Paul Burridge wrote...

I need to wind 180nH inductor for a parallel tuned circuit I'm
building, since the 180nH factory-made chokes I have don't look
up to the job power-handling wise. This coil needs to handle about
90mA p-p / 500mW maximum dissipation sine current and I've allowed
3 ohms for series resistance. Can anyone give me some steer on
dimensions, number of turns, core type and so on? Thanks,

As John has said, that's a very low inductance that should not
present any problems at such a low power level. But perhaps for
a more detailed answer you can tell us the frequencies your coil
will experience. At high frequencies skin and proximity effects
dominate, and these can be evaluated with an Rac/Rdc ratio. If
a ferrite is used its high-frequency core loss can also be modeled
as an inductor resistance.

Do you have any special size constraints? Unless you really need
a miniature size, an air core may be best for 180nH. You can use
the Wheeler equation to experiment with different coil designs.

I'll add some new grist for the mill, with a copy of a portion of
a posting I made 28 Dec 1997, about air-coil inductance equations.

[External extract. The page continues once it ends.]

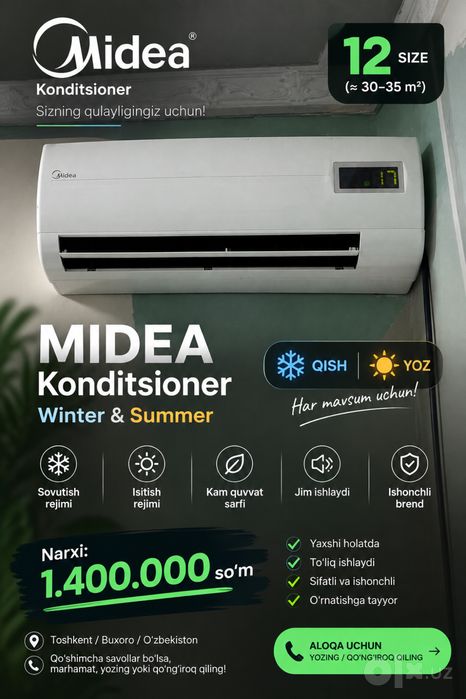Срочно продается кондиционер Midea 12 быстро и дешево
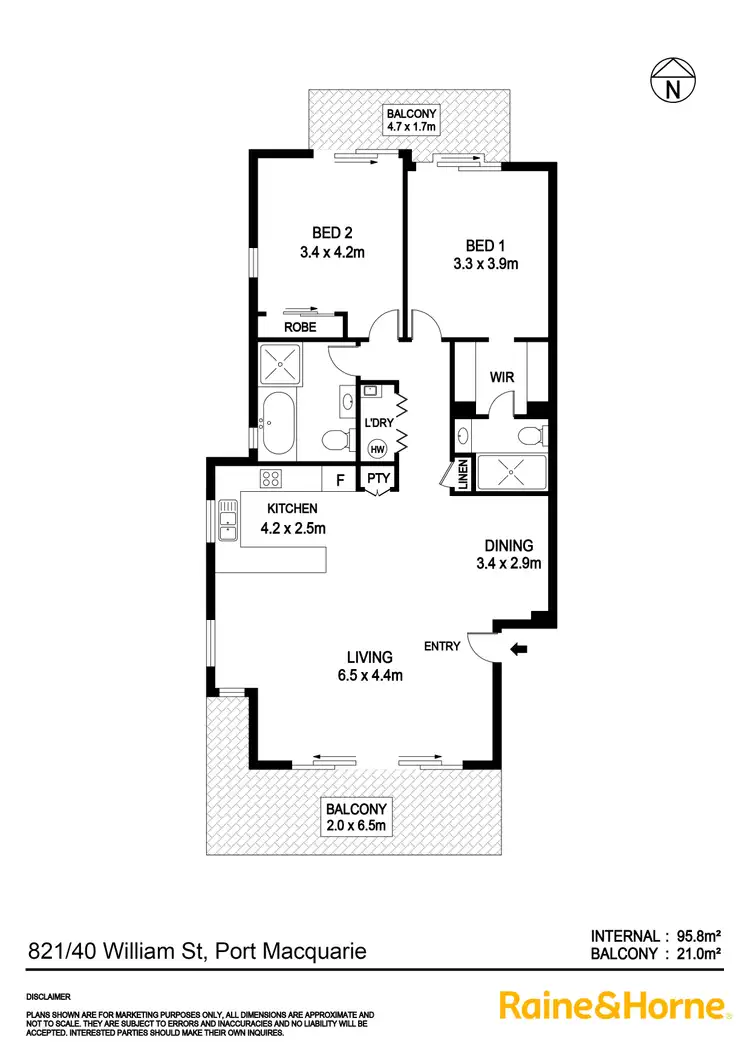 Floorplan of Homely apartment listing, 821/40 William Street, Port Macquarie NSW 2444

-------------------------------------------------------------------

Throughout the discussion we'll use the same dimensional system, based
on the drawing below. Here and in the 14 formulas below, N = turns,
a = mean radius, b = length, and c = winding thickness, and all are
in inches, unless otherwise stated.

length
|------ b --------|
--- ,-----------------,
c | cross section | ------------ a = winding mean radius
--- '-----------------' a |
__________________________ |
axis D = 2a
,-----------------, |
| cross section | --------
'------------\----'
\ solenoid coil layout
N turns
--------
[ snip five formulas and discussion ]

To simplify our lives, Wheeler empirically derived his popular
single-layer solenoid equation, using Nagaoka's equation and
tables. Wheeler's equation is shown below in two different ways.

a N^2 a^2 N^2 / 10 b
(6) L = ---------- = -------------- uH / inch
9 + 10 b/a 1 + 0.9 a/b

Wheeler says this equation is accurate to about 1% for long coils, or
any coils with (b/a 0.8). [Confirmed with extensive measurements I
made and posted on s.e.d.] It's easy to solve this equation for N.

A simple re-arrangement adds the concept of winding pitch. This can be
very useful, in part because a low-winding-height multilayer coil can
be treated as a single-layer coil with a higher winding pitch.

a^2 p N 1
(7) L = -------- * ---------------- uH / inch
10 1 + 0.9 a p / N

Here p is my turn-density pitch parameter, in turns/inch. Incidentally,
this makes clear that for long coils, once you pick a coil-winding pitch,
the inductance scales by N, rather than by N^2. Of course, the length
scales as well. Now solving for N isn't as easy. I get,

10 b
(8) N =~ ----- ( 1 + 9 a^3 p^2 / 100 L ) turns
p a^2

Alan Fowler pointed out a version of Wheeler's equation, claimed more
accurate, in F. Langford-Smith's "The Radiotron Designer's Handbook,"
1942. In the 3rd edition only, the work of Esnault-Pelterie is detailed,
a Frenchman who followed the "des savants japonais" (i.e. Nagaoaka) for
his derivation of a simple Wheeler-like formula with a claimed accuracy
of 0.1% for values of diameter/length between 0.2 and 1.5. Rearranging,

a^2 N^2 / 9.972 b
(9) L = -------------------- uH / inch
0.9949 + 0.9144 (a/b)

[ snip more formulas and stuff ]
-------------------------------------------------------------------

OK, there you have a small panaply of equation forms to select from.

(7) is easier to use than it appears at first glance. Let's design
a coil for you. We'll pick wire size #22, which has a diameter of
0.020 inches, prompting us to pick a winding-spacing of 0.04 inches,
or a 25 turns/in pitch. Inspired by a small art brush in my pencil
cup, we'll pick a coil diameter of 0.2", so equation (7) reduces to

.. 0.01 25 N 1
.. L = --------- * ------------------ uH / inch
.. 10 1 + 0.9 0.1 25 / N
..
.. 1
.. = 0.025" N * ------------ uH / in
.. 1 + 2.25/N

This formula is more simple than it appears, because the second term
approaches unity for coils of more than 10 - 20 turns.

The first term says a 180nH coil requires about 180/25 = 7 turns, so
we'll try N = 9, and get L = 225nH * 0.8 = 180nH, right on the money.

That's a 9-turn coil 0.2" in diameter and 0.36" long. It uses less
than six inches of wire, has a DC resistance of about 0.008 ohms,
and can handle very high DC currents.

Plugging our coil into equation (6) as a test, we have a = 0.1" and
b = 0.36" and N = 9, so we get L = 8.1 / (9 + 36) = 0.180 uH, bingo.

Thanks,
- Win

whill_at_picovolt-dot-com